I just returned from an Alaskan cruise. Much to my disappointment there was no penguin fishing and I never did see an Atlantic salmon, but other than these two let-downs, it was a great trip. We visited Juneau, Skagway, and Ketchikan. “Ketchikan” is a Northwest First Nation word meaning “many-jewellery-shops-for-tourists-near-the-cruise-terminal”.
It occurred to me during the trip when I was watching a glacier calve- a section of the ice breaking off and falling into the ocean- that glacier calving is very much like speech. I am sure that everyone else on the cruise felt the same way.
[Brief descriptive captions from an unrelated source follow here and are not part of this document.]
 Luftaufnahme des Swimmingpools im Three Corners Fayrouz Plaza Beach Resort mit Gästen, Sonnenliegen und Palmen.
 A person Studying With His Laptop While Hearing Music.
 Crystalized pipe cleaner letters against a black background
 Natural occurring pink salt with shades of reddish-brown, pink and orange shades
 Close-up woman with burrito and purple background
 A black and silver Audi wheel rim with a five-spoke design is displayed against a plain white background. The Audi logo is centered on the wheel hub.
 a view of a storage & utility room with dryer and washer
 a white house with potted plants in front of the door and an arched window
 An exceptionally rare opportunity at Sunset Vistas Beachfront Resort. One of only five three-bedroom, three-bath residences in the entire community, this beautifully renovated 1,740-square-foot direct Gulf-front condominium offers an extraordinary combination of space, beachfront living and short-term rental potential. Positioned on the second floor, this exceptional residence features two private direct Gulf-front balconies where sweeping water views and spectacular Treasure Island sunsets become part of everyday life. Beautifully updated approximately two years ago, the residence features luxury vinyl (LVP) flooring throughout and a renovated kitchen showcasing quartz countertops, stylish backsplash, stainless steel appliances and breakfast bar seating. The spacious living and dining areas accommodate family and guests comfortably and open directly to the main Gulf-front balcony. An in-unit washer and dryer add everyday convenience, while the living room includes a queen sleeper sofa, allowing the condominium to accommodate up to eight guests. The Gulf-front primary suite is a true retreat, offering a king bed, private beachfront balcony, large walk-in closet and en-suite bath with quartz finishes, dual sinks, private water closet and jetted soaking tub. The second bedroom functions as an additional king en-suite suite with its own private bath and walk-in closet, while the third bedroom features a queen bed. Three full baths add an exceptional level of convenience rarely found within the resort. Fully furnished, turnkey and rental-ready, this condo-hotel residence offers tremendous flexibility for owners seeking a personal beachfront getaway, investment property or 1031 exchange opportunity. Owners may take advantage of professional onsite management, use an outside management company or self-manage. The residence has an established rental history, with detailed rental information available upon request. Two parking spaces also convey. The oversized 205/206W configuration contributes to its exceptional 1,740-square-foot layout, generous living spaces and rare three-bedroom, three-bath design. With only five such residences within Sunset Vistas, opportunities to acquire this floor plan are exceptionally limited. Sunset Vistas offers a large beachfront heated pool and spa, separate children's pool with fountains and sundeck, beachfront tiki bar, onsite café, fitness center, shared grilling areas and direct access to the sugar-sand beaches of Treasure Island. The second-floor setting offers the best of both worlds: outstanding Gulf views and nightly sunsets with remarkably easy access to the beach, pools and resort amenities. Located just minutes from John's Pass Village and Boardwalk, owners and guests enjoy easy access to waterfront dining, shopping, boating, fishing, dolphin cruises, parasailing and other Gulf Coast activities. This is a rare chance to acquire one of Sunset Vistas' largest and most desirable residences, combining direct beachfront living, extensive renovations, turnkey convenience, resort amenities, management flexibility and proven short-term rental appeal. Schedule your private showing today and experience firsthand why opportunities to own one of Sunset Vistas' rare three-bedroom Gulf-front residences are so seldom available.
When a sheet of ice falls off of a glacier, you first hear the high-frequency cracking as the ice breaks free, and then a moment later, you hear the low-frequency rumbling as it crashes into the sea (and hopefully not onto the ship). This is a linear progression- first one sound, then another. There is never a point when the two sounds coincide. The low-frequency sounds are never simultaneous with the high-frequency sounds.
Well, this is identical to speech (in quiet). We hear the lower-frequency sonorants (vowels, nasals, and liquids), and then in a different time period (a moment later) we hear the higher-frequency obstruents (affricates, fricatives, and stop consonants).
The auditory input of hearing a glacier calve is similar to that of conversational speech.
When it comes to music, this is characterized by simultaneous occurrence of sound, much like speech in noise. In music, this is called harmony.
Now let’s combine glaciers and in-ear monitors for musicians. Although there is no definite research on this issue, in-ear monitor manufacturers market their devices based on the number of receivers. A single receiver device (like most hearing aids) sells for less than one with more receivers. There is an underlying assumption that more is better (or at least more expensive) than fewer. This doesn’t seem to be the case with hearing aids, however.
It is assumed that a multi-receiver device (such as most modern in-ear monitors for musicians) can route the transduction of high-frequency music energy through a different mechanism from the low-frequency transduction of music energy. After all, a receiver whose diaphragm is waggling quickly for high-frequency sounds, can’t be as efficient as if it were waggling slowly for the lower-frequency sounds. This seems to be the intuitively obvious reason for going with more receivers. It is especially obvious for music where low-frequency bass notes occur simultaneously with the higher-frequency treble and harmonic notes.
Having said this, I have been unable to locate any research that demonstrates that this assumption is valid. If indeed there is some validity to this assumption, then the effect would be greater for music than for speech. Speech in quiet, never has low- and high-frequency components simultaneously, yet music does.
This is an experiment that needs doing. Not only would it provide support (if the assumption is true) that more is better than fewer (at least for music), but there may be some data supporting the contention that even for hearing aids (especially for speech in noise) more than one receiver may be the way to go. Or perhaps not, if indeed, more is not shown to be better than fewer.
Just a thought and a possible future experiment to be done. What a neat thing to do for a Capstone project!